De lithium- en kaliumconcentraties zorgen voor een delicate evenwichtsoefening in het menselijk lichaam. Beide zijn sporenelementen die noodzakelijke functies vervullen in de menselijke fysiologie. Lithium kan er echter voor zorgen dat de kaliumspiegels dalen, wat kan leiden tot ernstige problemen zoals hypokaliëmie (kaliumtekort). Wanneer dit gebeurt, kunt u zich zwak voelen en kunnen uw cellulaire functies worden aangetast.
Chemie van lithium en kalium
Lithium en kalium zijn leden van de alkalimetalen die Groep I vormen op het periodiek systeem der elementen. Hun eigenschappen zijn vergelijkbaar. Ionen van deze elementen hebben een +1 lading, zijn oplosbaar en zeer reactief met water. Kalium heeft een essentiële functie in fysiologische systemen, vooral bij het transporteren van moleculen door het celmembraan. De kaliumpomp is belangrijk bij het handhaven van het evenwicht tussen het inwendige van de cellen en de omringende interstitiële vloeistof. Dit is van vitaal belang bij het overbrengen van elektrische signalen via spieren en het in stand houden van een regelmatige hartslag. Wanneer het lithiumion concurreert met kaliumion, verstoort het dit evenwicht. Lithium kan ook kalium vervangen in zenuwweefsels die elektrische stimulatie naar spieren leiden. Dit resulteert in spierkrampen en pijn.
Uitputting van kaliumgehaltes
Een elektrolyt is een stof die in water afbreekt tot een geïoniseerde vorm en het lichaam in staat stelt elektrische prikkels naar de spieren te geleiden. Een belangrijke elektrolyt in het menselijk lichaam is kalium. Het krijgt een positieve lading om K+ te worden. We krijgen kalium in ons lichaam over het algemeen uit voedingsbronnen zoals bananen, spruitjes, yoghurt, melk, sojaproducten, bonen, pindakaas, kip, rundvlees, vis, citrusvruchten en perziken. Lithium is vaak een bestanddeel van medicijnen en de geladen vorm ervan is Li+ in lichaamsvloeistoffen. Deze sporenelementen hebben dezelfde valentielading, waardoor lithium actief kan concurreren met kalium en het vaak vervangt in biochemische reacties in het lichaam.

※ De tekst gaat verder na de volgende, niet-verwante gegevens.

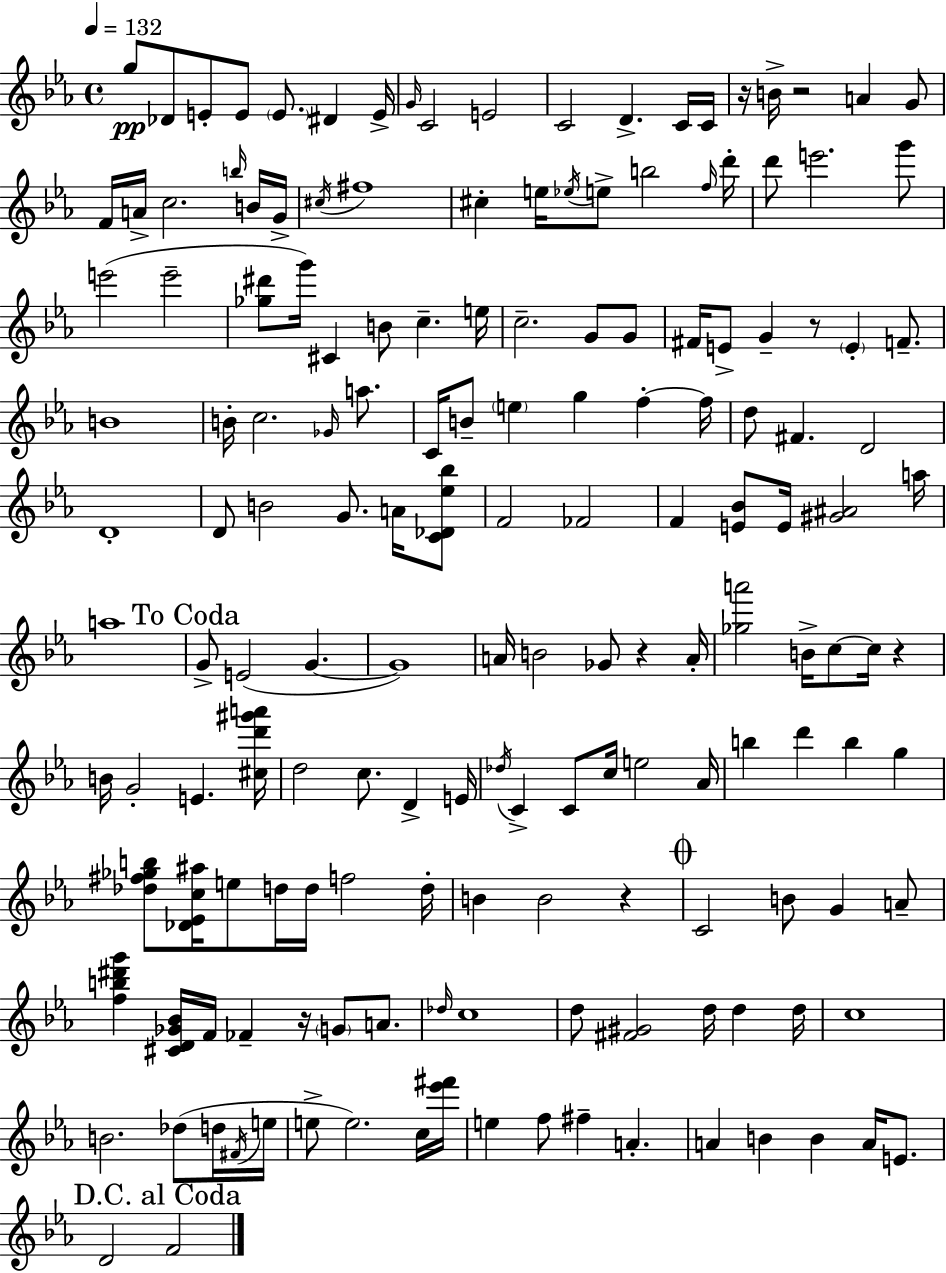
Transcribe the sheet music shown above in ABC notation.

Lithiumconcurrentie met kalium
Deze stof concurreert niet alleen met kalium, maar ook met soortgelijke sporenelementen zoals natrium, calcium en magnesium, die ook alkalimetalen zijn met een +1 valentielading. Wanneer lithium deze elementen in biochemische reacties vervangt, verandert het de algehele fysiologie omdat het de elektrolytgradiënten aan beide zijden van de celmembranen beïnvloedt. Lithium diffundeert in rode bloedcellen die het door het hele lichaam in het vaatstelsel vervoeren. Het hecht zich aan bindingsplaatsen op zenuwweefsel en kan de elektrische impulsgeleiding en de complexe elektrolytenbalans veranderen. Dit veroorzaakt uiteindelijk vermoeidheid en andere spierproblemen. Omdat lithium kalium vervangt, verwijderen de nieren de kaliumionen uit het lichaam en ontstaat er een verdere elektrolytische onbalans naarmate het kalium afneemt.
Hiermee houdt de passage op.